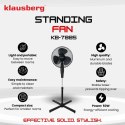 WENTYLATOR PODŁOGOWY Z PILOTEM I TIMEREM 40CM 50W KLAUSBERG KB-7885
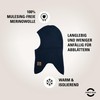 Mikk-line Wool Full-Face Balaclava, Children's Beanie to Pull On, Unisex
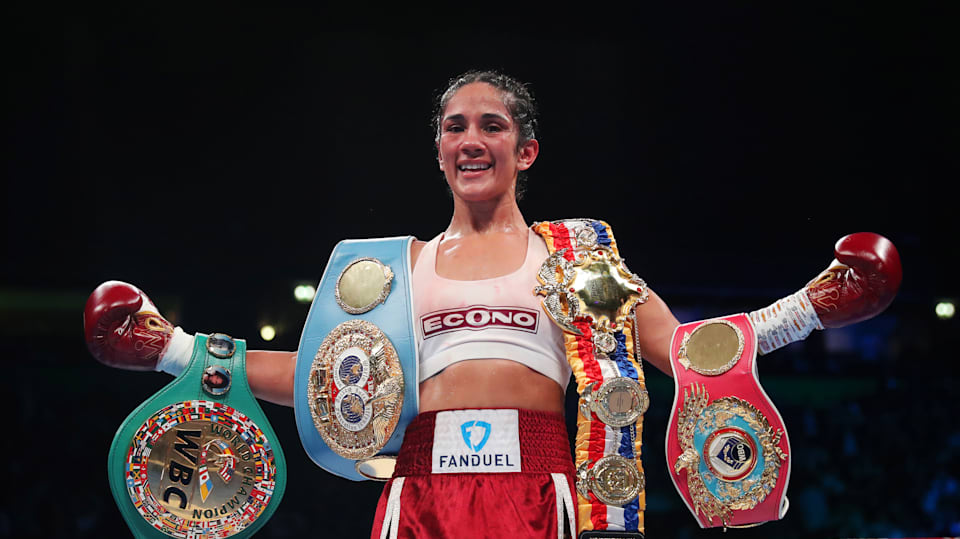 ¿Cuántos títulos ha ganado Amanda Serrano en su carrera de boxeo?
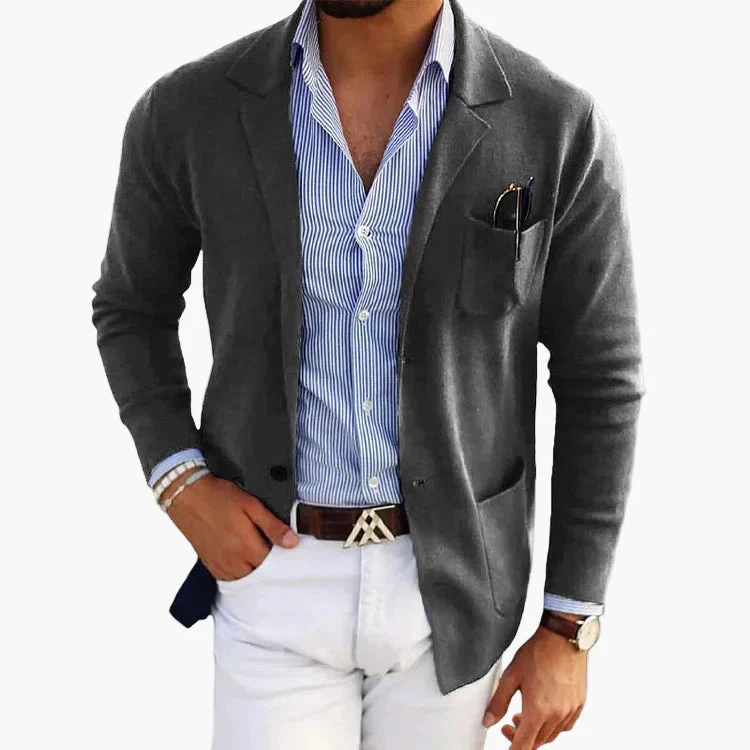 Veste blazer homme élégante style business et casual chic - Image 6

+++++

# [What is needed]
The output has to match the data above line for line, except that pictures are dropped.

# [Solved exercise]
 WENTYLATOR PODŁOGOWY Z PILOTEM I TIMEREM 40CM 50W KLAUSBERG KB-7885
 Mikk-line Wool Full-Face Balaclava, Children's Beanie to Pull On, Unisex
 ¿Cuántos títulos ha ganado Amanda Serrano en su carrera de boxeo?
 Veste blazer homme élégante style business et casual chic - Image 6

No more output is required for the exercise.